EXTRACTED INFORMATION:
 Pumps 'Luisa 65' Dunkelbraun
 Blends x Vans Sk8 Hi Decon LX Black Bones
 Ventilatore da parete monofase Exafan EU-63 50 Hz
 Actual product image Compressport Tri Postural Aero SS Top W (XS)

==

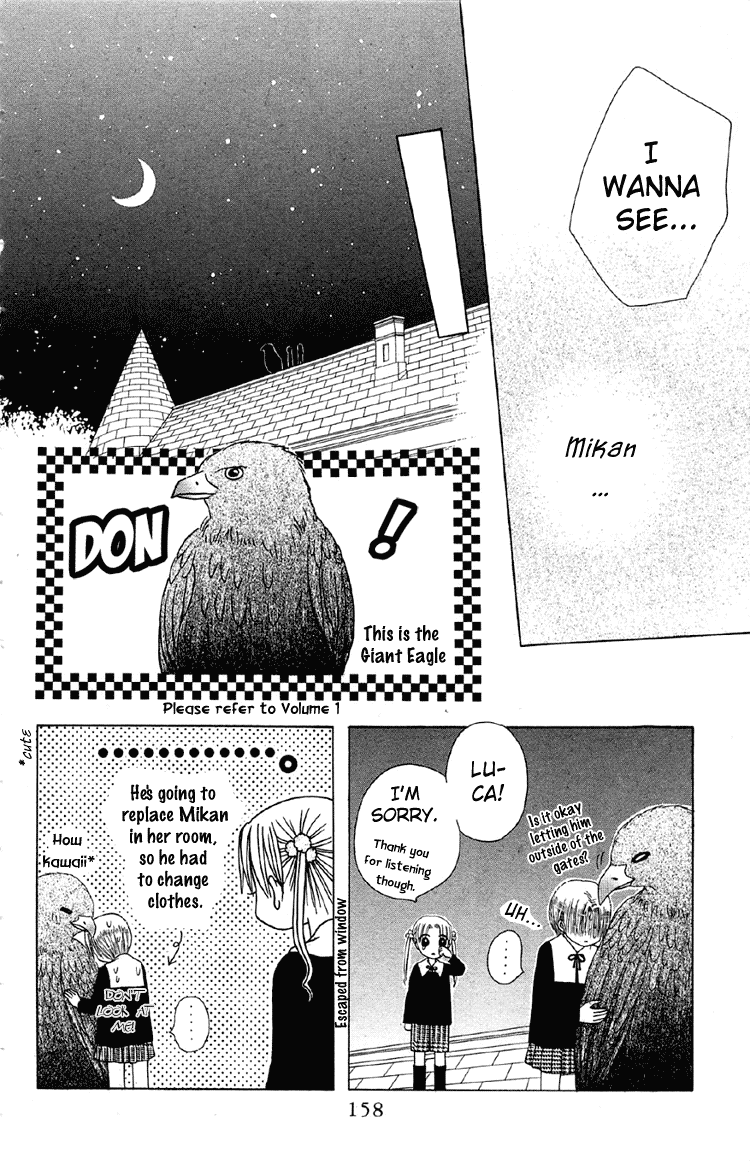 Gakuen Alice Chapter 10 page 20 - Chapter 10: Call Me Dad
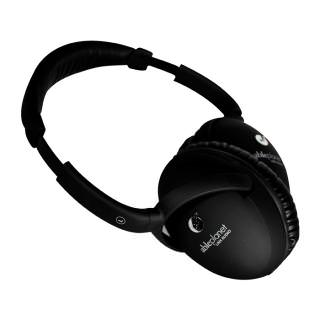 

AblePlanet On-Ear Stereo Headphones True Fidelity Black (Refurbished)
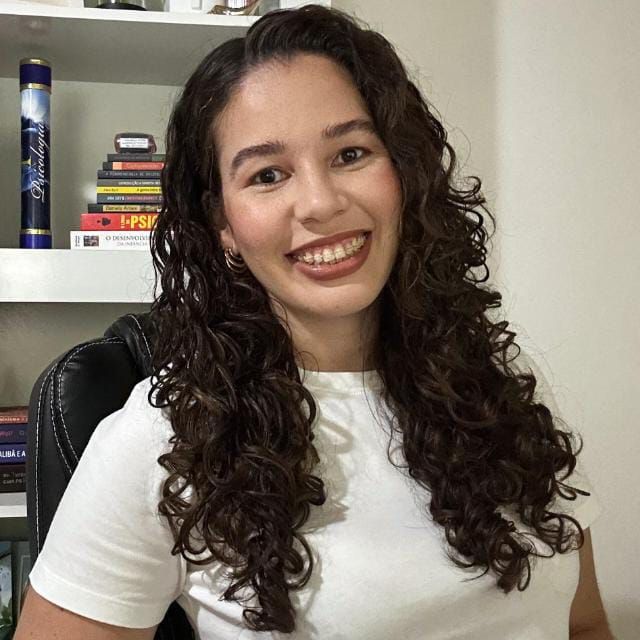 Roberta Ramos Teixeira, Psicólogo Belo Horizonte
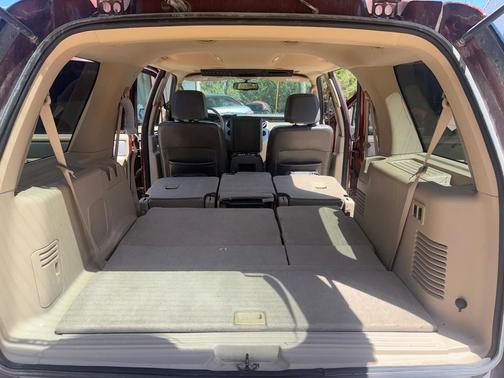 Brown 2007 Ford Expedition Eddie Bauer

--

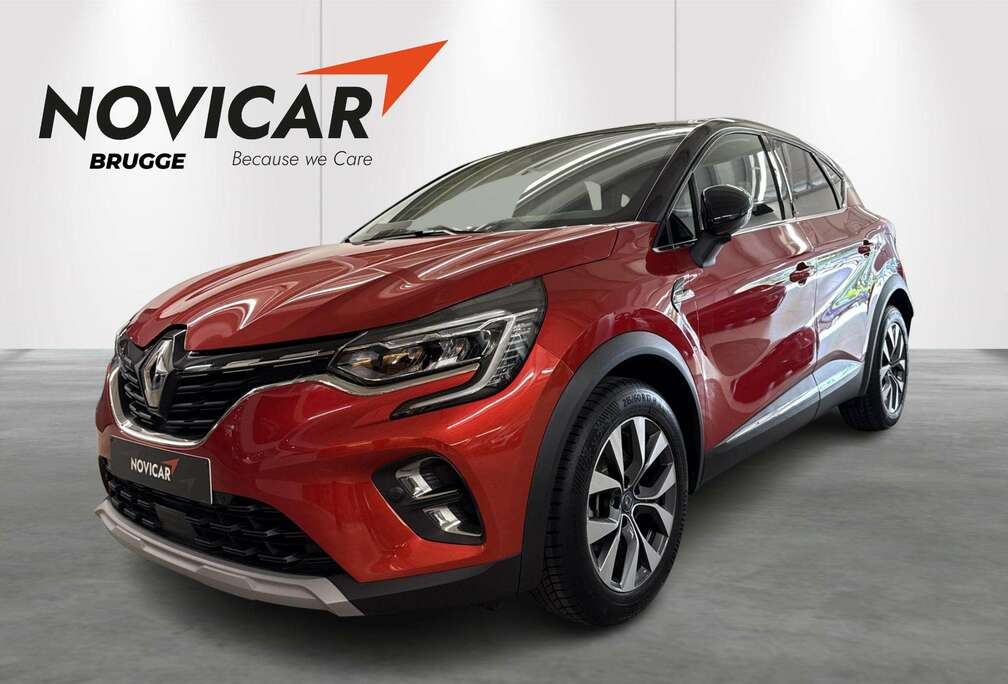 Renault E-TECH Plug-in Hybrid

WHAT YOU WILL DO: An answer is complete only when it holds every line above containing the string "Black".

WRITTEN RESPONSE:
 Blends x Vans Sk8 Hi Decon LX Black Bones
AblePlanet On-Ear Stereo Headphones True Fidelity Black (Refurbished)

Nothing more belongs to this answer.